Last fall Howard took on a semester-long project focused on the history of New England whalers. She pored through books at the New Bedford Whaling Museum library and even purchased a ship’s log to supplement her research.
What struck her most was the fact that New England whalers were artisans like herself who made scrimshaw (engravings and carvings on the bones and teeth of whales and the tusks of walruses). They made tools, musical instruments and personal sewing kits out of repurposed boxes, carving decorative images in the wood.
Inspired by these craftsmen, Howard designed a series of necklaces that might have been made by sailors, using materials they would have had on hand – fishing net, nautical rope and brass. One of her necklaces even has a ship’s broken barometer.
Whaler necklaces made of brass, sisal (nautical rope) and fishing net
“I was honoring the memory of these people,” she said. “I imagined that a different sailor had made each piece, and I created narratives around each necklace.”
It was also important to make the pieces look like artifacts – old and slightly ravaged by time.
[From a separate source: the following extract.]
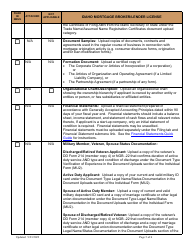 Idaho Mortgage Broker/Lender License Company New Application Checklist - Idaho, Page 5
To complete the illusion, the pieces were to be displayed inside plexiglass cases in a museum-like setting.
But no sooner had Howard completed this project that she began another semester-long series designed to make fun of the previous series.
“My second project basically said, ‘Don’t take the whaler necklaces seriously,’” she said. In reality they would have never made it into a museum, let alone survived time, because no collector would have deemed them valuable.
“Museums have their own form of classism,” Howard explained. “You rarely see the jewelry of common people in museums because things owned by common people weren’t considered important. Their jewelry wasn’t made of fine gems. They were made of beads and other materials of low value.”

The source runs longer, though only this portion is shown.